Force.com and Heroku are different in several ways. Force.com runs on Salesforce's own equipment, while Heroku runs on top of the Amazon Elastic Compute Cloud, and suffered downtime when Amazon's cloud failed last month.
Heroku uses the open source Ruby programming language, with its name a combination of "hero" and "haiku" to honor Ruby's Japanese roots. Force.com uses Salesforce's proprietary Apex language, but abstractions allow people to build many applications without writing code.
Force.com is good for building applications that automate data-intensive business operations, particularly employee-facing ones, Sebastian says. Force.com is also targeted at software vendors who want to build products on top of a cloud platform, he says.
Heroku, on the other hand, is designed for developers, people who write code to build customer-facing web applications, and want flexibility to use various open technologies like NoSQL databases, he says. Heroku users have a choice of databases, but can use Salesforce's Database.com service to connect their applications to services running on top of Force.com.
Force.com and Heroku are also priced differently.
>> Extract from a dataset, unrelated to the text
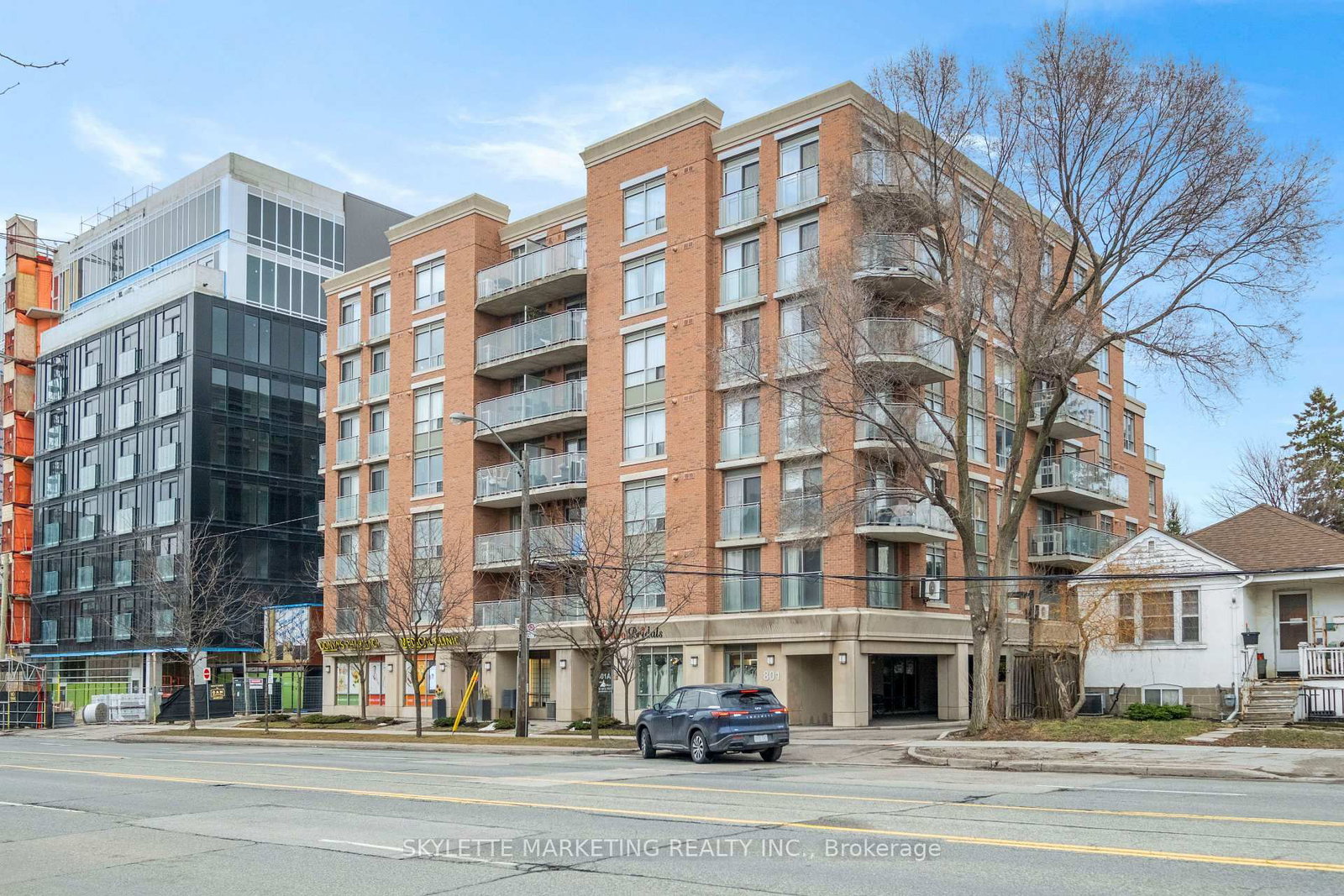 801 Sheppard Avenue W, Unit 701 - Photo 29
Force.com charges by the user, but that would be impractical for Heroku because applications running on the service are more likely to reach millions of customers. Heroku is therefore priced based on capacity measures, such as the number of HTTP requests.
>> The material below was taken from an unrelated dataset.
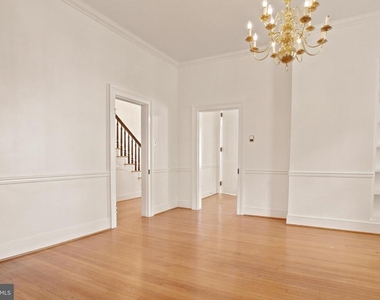 209 N Washington Street - Photo Thumbnail 29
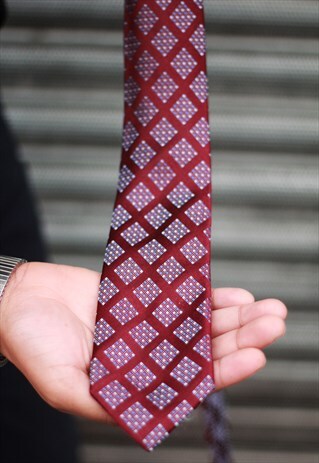 GEOFFREY BEENE PURE SILK BURGUNDY TIE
Salesforce says the two-pronged cloud strategy makes sense, but some analysts have raised concerns. In a Forrester Wave report released this month, the analyst firm says, "The PaaS market is a sprawling, fast-changing, and immature market. Most PaaS vendors are small, and even big vendors like Google and Microsoft have incomplete, new products. Salesforce.com has the most mature PaaS, but it just acquired an entirely new PaaS product (Heroku), and its fit into the portfolio and strategy isn't yet clear."
Sebastian would obviously not agree about the strategy being unclear. He did not, however, dispute the generally accepted wisdom that the platform-as-a-service market is much smaller than the infrastructure-as-a-service market dominated by Amazon.
Salesforce's numbers are impressive, though, he says: 220,000 applications deployed on top of Force.com and more than 100,000 on Heroku. While Force.com is useful for existing Salesforce customers who want to build extensions to their CRM deployments, Sebastian stresses that Force.com can be used for much more than that.
One "giant Internet company" built an application to manage its data centers on top of Force.com, and ISVs like ServiceMax have used the platform to build web and iPad applications. Heroku, meanwhile, counts the large retailer Best Buy as one of its customers.
PaaS is appealing because it speeds up the process of building applications, while letting customers offload the dirty work of managing infrastructure to someone else. Amazon, on the other hand, requires customers to manage their own virtual machines and build high availability features into their applications.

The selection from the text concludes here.